**Exercise objective:** Your task is to write out the full listing once more, exactly.

**The input:**

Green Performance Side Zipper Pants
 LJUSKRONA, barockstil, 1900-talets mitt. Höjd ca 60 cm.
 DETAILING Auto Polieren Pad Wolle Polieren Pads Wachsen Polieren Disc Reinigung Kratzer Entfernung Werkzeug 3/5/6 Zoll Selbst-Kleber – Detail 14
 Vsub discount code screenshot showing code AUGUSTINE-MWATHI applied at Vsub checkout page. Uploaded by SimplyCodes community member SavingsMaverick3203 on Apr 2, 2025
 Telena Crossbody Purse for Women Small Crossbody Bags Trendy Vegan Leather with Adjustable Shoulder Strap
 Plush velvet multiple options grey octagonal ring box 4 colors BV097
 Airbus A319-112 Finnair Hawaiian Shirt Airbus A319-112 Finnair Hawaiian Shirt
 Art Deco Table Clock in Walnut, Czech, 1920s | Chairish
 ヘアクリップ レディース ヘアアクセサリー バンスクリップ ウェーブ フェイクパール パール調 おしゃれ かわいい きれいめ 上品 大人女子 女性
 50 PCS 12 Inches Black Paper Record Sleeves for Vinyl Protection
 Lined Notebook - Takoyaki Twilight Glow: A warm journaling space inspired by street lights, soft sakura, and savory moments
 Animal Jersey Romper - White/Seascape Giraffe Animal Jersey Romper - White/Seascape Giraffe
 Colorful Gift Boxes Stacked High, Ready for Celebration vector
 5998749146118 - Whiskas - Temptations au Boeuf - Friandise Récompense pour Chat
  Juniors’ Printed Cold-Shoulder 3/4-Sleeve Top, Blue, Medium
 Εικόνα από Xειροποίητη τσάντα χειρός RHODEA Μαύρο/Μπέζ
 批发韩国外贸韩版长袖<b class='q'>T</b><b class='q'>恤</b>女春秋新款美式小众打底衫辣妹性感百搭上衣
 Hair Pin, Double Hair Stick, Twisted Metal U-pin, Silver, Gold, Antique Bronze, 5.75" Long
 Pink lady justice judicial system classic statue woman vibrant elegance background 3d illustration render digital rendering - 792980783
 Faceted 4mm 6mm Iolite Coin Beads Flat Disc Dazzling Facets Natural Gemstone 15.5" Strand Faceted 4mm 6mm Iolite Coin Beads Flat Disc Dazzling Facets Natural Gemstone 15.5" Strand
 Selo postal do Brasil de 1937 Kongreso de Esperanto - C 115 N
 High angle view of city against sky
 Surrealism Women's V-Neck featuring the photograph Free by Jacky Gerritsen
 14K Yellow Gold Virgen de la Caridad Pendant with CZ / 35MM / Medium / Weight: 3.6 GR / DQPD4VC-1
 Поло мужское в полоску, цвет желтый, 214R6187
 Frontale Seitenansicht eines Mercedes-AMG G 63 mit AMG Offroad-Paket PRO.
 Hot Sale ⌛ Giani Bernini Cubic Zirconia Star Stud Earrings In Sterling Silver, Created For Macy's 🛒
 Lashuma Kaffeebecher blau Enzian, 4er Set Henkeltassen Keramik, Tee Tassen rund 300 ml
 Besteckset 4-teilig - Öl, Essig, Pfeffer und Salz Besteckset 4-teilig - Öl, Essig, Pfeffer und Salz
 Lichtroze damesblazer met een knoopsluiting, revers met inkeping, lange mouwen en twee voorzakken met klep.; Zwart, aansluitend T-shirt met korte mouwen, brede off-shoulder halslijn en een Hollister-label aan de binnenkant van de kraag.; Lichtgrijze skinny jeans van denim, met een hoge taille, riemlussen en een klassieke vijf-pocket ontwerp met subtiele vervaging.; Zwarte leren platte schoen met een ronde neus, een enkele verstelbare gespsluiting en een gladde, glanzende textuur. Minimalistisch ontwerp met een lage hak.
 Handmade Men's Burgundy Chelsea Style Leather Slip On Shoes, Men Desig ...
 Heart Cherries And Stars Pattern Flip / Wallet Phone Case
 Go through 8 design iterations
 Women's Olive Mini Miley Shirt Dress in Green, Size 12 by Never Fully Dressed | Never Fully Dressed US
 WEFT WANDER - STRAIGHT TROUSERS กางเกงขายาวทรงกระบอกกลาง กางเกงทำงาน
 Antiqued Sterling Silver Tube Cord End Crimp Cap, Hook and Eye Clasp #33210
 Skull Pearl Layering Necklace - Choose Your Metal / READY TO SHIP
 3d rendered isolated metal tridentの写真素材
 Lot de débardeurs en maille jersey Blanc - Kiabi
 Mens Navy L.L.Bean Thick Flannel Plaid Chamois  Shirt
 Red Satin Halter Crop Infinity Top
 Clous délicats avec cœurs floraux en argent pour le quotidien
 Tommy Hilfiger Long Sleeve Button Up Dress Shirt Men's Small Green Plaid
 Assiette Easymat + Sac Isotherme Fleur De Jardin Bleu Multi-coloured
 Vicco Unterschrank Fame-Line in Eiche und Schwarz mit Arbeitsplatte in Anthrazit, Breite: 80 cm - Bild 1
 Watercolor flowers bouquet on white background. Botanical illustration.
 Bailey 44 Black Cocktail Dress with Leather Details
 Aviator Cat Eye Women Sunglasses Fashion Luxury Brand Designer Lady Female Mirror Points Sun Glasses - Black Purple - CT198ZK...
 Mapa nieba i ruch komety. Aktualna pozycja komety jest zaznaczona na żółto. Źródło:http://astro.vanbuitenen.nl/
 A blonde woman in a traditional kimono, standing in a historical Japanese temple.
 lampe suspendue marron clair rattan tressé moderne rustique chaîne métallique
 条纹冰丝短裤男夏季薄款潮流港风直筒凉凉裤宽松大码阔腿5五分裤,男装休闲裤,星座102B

**Answer:**
Green Performance Side Zipper Pants
 LJUSKRONA, barockstil, 1900-talets mitt. Höjd ca 60 cm.
 DETAILING Auto Polieren Pad Wolle Polieren Pads Wachsen Polieren Disc Reinigung Kratzer Entfernung Werkzeug 3/5/6 Zoll Selbst-Kleber – Detail 14
 Vsub discount code screenshot showing code AUGUSTINE-MWATHI applied at Vsub checkout page. Uploaded by SimplyCodes community member SavingsMaverick3203 on Apr 2, 2025
 Telena Crossbody Purse for Women Small Crossbody Bags Trendy Vegan Leather with Adjustable Shoulder Strap
 Plush velvet multiple options grey octagonal ring box 4 colors BV097
 Airbus A319-112 Finnair Hawaiian Shirt Airbus A319-112 Finnair Hawaiian Shirt
 Art Deco Table Clock in Walnut, Czech, 1920s | Chairish
 ヘアクリップ レディース ヘアアクセサリー バンスクリップ ウェーブ フェイクパール パール調 おしゃれ かわいい きれいめ 上品 大人女子 女性
 50 PCS 12 Inches Black Paper Record Sleeves for Vinyl Protection
 Lined Notebook - Takoyaki Twilight Glow: A warm journaling space inspired by street lights, soft sakura, and savory moments
 Animal Jersey Romper - White/Seascape Giraffe Animal Jersey Romper - White/Seascape Giraffe
 Colorful Gift Boxes Stacked High, Ready for Celebration vector
 5998749146118 - Whiskas - Temptations au Boeuf - Friandise Récompense pour Chat
  Juniors’ Printed Cold-Shoulder 3/4-Sleeve Top, Blue, Medium
 Εικόνα από Xειροποίητη τσάντα χειρός RHODEA Μαύρο/Μπέζ
 批发韩国外贸韩版长袖<b class='q'>T</b><b class='q'>恤</b>女春秋新款美式小众打底衫辣妹性感百搭上衣
 Hair Pin, Double Hair Stick, Twisted Metal U-pin, Silver, Gold, Antique Bronze, 5.75" Long
 Pink lady justice judicial system classic statue woman vibrant elegance background 3d illustration render digital rendering - 792980783
 Faceted 4mm 6mm Iolite Coin Beads Flat Disc Dazzling Facets Natural Gemstone 15.5" Strand Faceted 4mm 6mm Iolite Coin Beads Flat Disc Dazzling Facets Natural Gemstone 15.5" Strand
 Selo postal do Brasil de 1937 Kongreso de Esperanto - C 115 N
 High angle view of city against sky
 Surrealism Women's V-Neck featuring the photograph Free by Jacky Gerritsen
 14K Yellow Gold Virgen de la Caridad Pendant with CZ / 35MM / Medium / Weight: 3.6 GR / DQPD4VC-1
 Поло мужское в полоску, цвет желтый, 214R6187
 Frontale Seitenansicht eines Mercedes-AMG G 63 mit AMG Offroad-Paket PRO.
 Hot Sale ⌛ Giani Bernini Cubic Zirconia Star Stud Earrings In Sterling Silver, Created For Macy's 🛒
 Lashuma Kaffeebecher blau Enzian, 4er Set Henkeltassen Keramik, Tee Tassen rund 300 ml
 Besteckset 4-teilig - Öl, Essig, Pfeffer und Salz Besteckset 4-teilig - Öl, Essig, Pfeffer und Salz
 Lichtroze damesblazer met een knoopsluiting, revers met inkeping, lange mouwen en twee voorzakken met klep.; Zwart, aansluitend T-shirt met korte mouwen, brede off-shoulder halslijn en een Hollister-label aan de binnenkant van de kraag.; Lichtgrijze skinny jeans van denim, met een hoge taille, riemlussen en een klassieke vijf-pocket ontwerp met subtiele vervaging.; Zwarte leren platte schoen met een ronde neus, een enkele verstelbare gespsluiting en een gladde, glanzende textuur. Minimalistisch ontwerp met een lage hak.
 Handmade Men's Burgundy Chelsea Style Leather Slip On Shoes, Men Desig ...
 Heart Cherries And Stars Pattern Flip / Wallet Phone Case
 Go through 8 design iterations
 Women's Olive Mini Miley Shirt Dress in Green, Size 12 by Never Fully Dressed | Never Fully Dressed US
 WEFT WANDER - STRAIGHT TROUSERS กางเกงขายาวทรงกระบอกกลาง กางเกงทำงาน
 Antiqued Sterling Silver Tube Cord End Crimp Cap, Hook and Eye Clasp #33210
 Skull Pearl Layering Necklace - Choose Your Metal / READY TO SHIP
 3d rendered isolated metal tridentの写真素材
 Lot de débardeurs en maille jersey Blanc - Kiabi
 Mens Navy L.L.Bean Thick Flannel Plaid Chamois  Shirt
 Red Satin Halter Crop Infinity Top
 Clous délicats avec cœurs floraux en argent pour le quotidien
 Tommy Hilfiger Long Sleeve Button Up Dress Shirt Men's Small Green Plaid
 Assiette Easymat + Sac Isotherme Fleur De Jardin Bleu Multi-coloured
 Vicco Unterschrank Fame-Line in Eiche und Schwarz mit Arbeitsplatte in Anthrazit, Breite: 80 cm - Bild 1
 Watercolor flowers bouquet on white background. Botanical illustration.
 Bailey 44 Black Cocktail Dress with Leather Details
 Aviator Cat Eye Women Sunglasses Fashion Luxury Brand Designer Lady Female Mirror Points Sun Glasses - Black Purple - CT198ZK...
 Mapa nieba i ruch komety. Aktualna pozycja komety jest zaznaczona na żółto. Źródło:http://astro.vanbuitenen.nl/
 A blonde woman in a traditional kimono, standing in a historical Japanese temple.
 lampe suspendue marron clair rattan tressé moderne rustique chaîne métallique
 条纹冰丝短裤男夏季薄款潮流港风直筒凉凉裤宽松大码阔腿5五分裤,男装休闲裤,星座102B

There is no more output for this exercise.